[Short web captions]

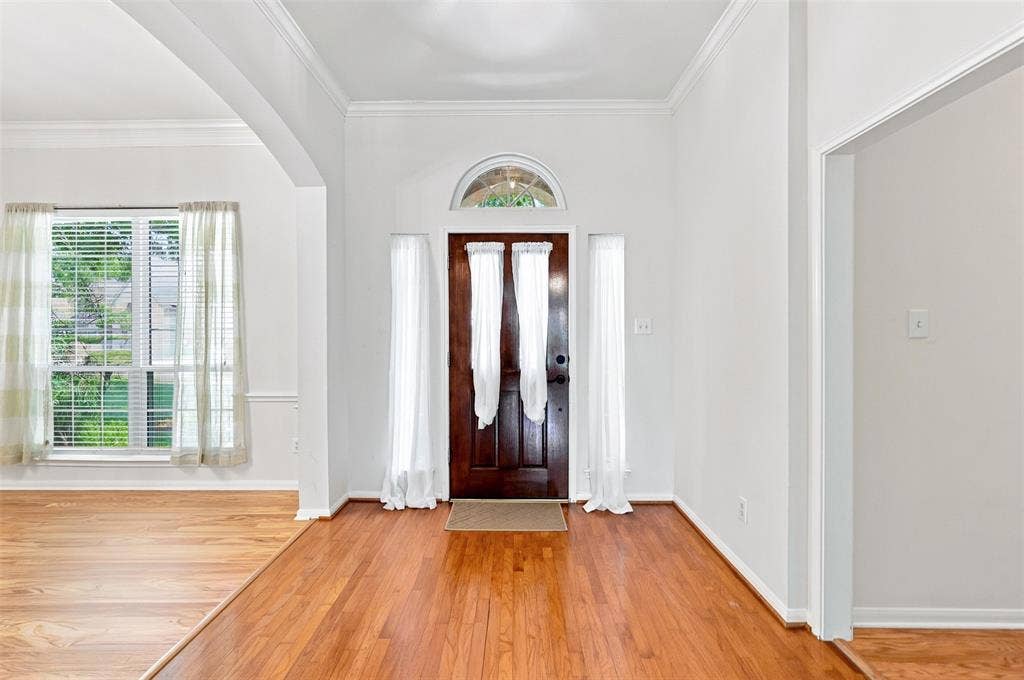 3617 Mackenzie Lane, Richardson, TX 75082 Entryway featuring wood-finish flooring, a wood paneled door with an arched transom, and white wall finishes.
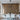 ET2 Groove Black ring pendant over a long white dining table in front of a wood-slat wall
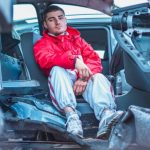 Emergency Repair - Man in Red Coat Sitting on Broken Car Seat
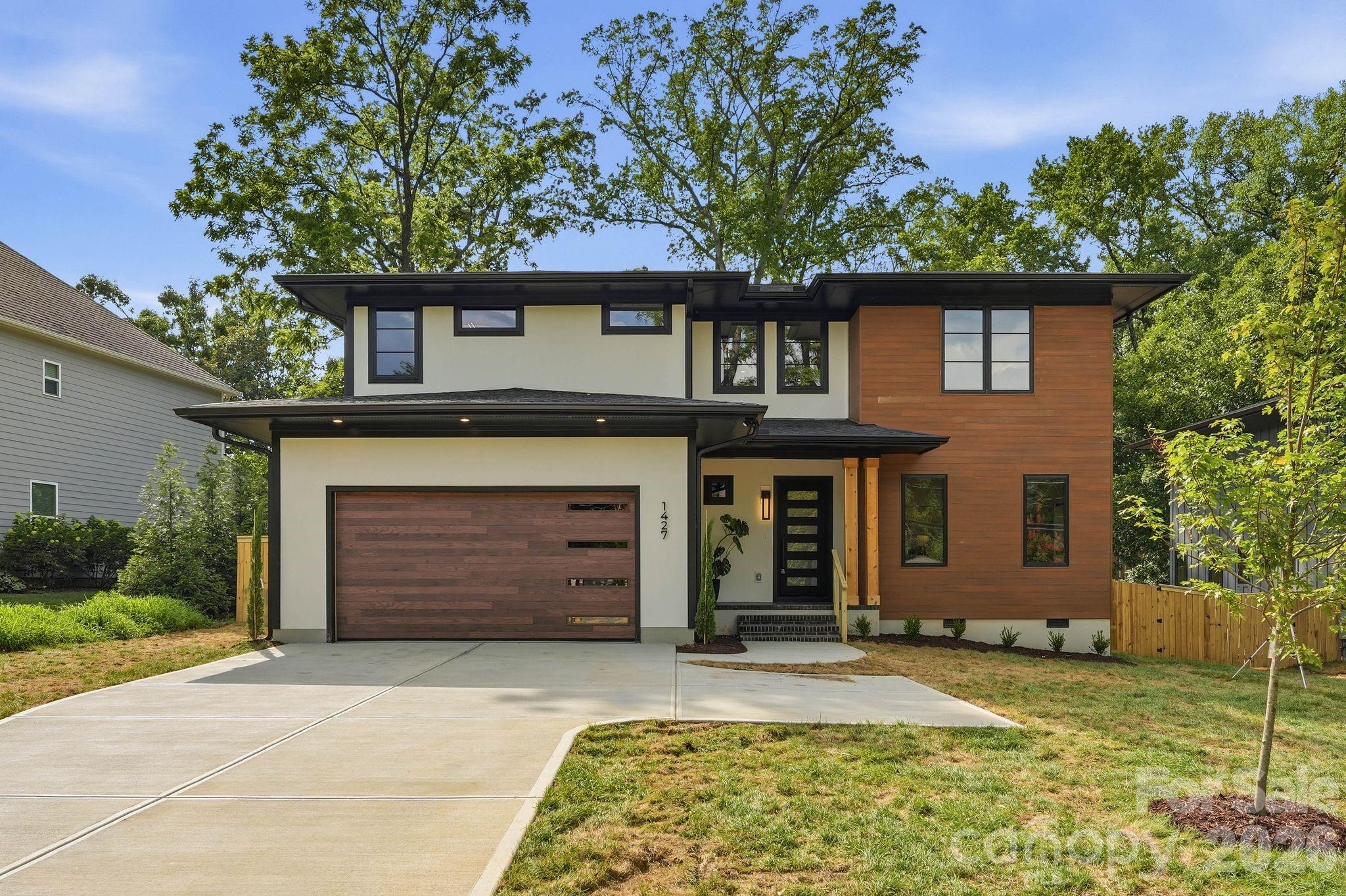 Modern design, thoughtful functionality, and a highly desirable Charlotte location come together in this exceptional new construction home. Situated on a 0.35-acre lot, this home offers just under 3,400 square feet of well-designed living space with flexible areas suited for a variety of lifestyles.

The dramatic two-story living room creates an impressive first impression with vaulted ceilings, abundant natural light, and a sleek electric fireplace. The open-concept layout flows seamlessly into the kitchen, where almond cabinetry, quartz countertops, a large island, walk-in pantry, and 48-inch gas range create a space designed for both everyday use and entertaining.

The main-level primary suite offers a private retreat, complete with a spacious walk-in closet connected directly to the laundry room and a spa-inspired bath featuring a wet room with a freestanding tub and walk-in shower. A pocket office and convenient drop zone complete the first level. 

The upper level features a generous media room and three secondary bedrooms served by two full baths. One bedroom enjoys a private en-suite bath, while the remaining two share a well-designed Jack-and-Jill bath with separate vanities.

A covered rear patio overlooks the spacious fenced backyard, offering plenty of room to enjoy the space. Optional pool package available. 

Conveniently located from Cotswold, Plaza Midwood, SouthPark, and Uptown Charlotte, this home is nearby shopping, dining, entertainment, and major commuter routes. Additional features include a two-car garage with EV charger and a tankless water heater.

Tax value subject to change upon completion.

Task prompt
Copy the records above exactly, starting at the line that contains "Conveniently located from" and ending at the last line, and leave out all earlier lines.

Output below
Conveniently located from Cotswold, Plaza Midwood, SouthPark, and Uptown Charlotte, this home is nearby shopping, dining, entertainment, and major commuter routes. Additional features include a two-car garage with EV charger and a tankless water heater.

Tax value subject to change upon completion.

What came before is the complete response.